*** Block opens ***
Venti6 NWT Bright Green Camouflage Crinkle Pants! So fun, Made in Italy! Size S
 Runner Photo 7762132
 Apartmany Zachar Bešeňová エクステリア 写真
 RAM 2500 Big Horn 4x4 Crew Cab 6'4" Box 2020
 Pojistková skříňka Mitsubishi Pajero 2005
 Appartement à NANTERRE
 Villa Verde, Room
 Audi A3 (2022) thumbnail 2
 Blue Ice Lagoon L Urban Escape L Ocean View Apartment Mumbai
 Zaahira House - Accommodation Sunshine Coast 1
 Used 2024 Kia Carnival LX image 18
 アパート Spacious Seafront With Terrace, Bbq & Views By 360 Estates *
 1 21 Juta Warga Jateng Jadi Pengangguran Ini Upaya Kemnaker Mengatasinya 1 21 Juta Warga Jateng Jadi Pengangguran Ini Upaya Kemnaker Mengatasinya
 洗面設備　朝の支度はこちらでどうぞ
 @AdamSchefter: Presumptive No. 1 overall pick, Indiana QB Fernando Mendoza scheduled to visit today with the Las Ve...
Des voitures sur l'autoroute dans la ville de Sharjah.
*** Block closes ***
From the records above, reproduce exactly the lines from the one with "RAM 2500 Big" to the one with "洗面設備　朝の支度はこちらでどうぞ", both included, and no others.

 RAM 2500 Big Horn 4x4 Crew Cab 6'4" Box 2020
 Pojistková skříňka Mitsubishi Pajero 2005
 Appartement à NANTERRE
 Villa Verde, Room
 Audi A3 (2022) thumbnail 2
 Blue Ice Lagoon L Urban Escape L Ocean View Apartment Mumbai
 Zaahira House - Accommodation Sunshine Coast 1
 Used 2024 Kia Carnival LX image 18
 アパート Spacious Seafront With Terrace, Bbq & Views By 360 Estates *
 1 21 Juta Warga Jateng Jadi Pengangguran Ini Upaya Kemnaker Mengatasinya 1 21 Juta Warga Jateng Jadi Pengangguran Ini Upaya Kemnaker Mengatasinya
 洗面設備　朝の支度はこちらでどうぞ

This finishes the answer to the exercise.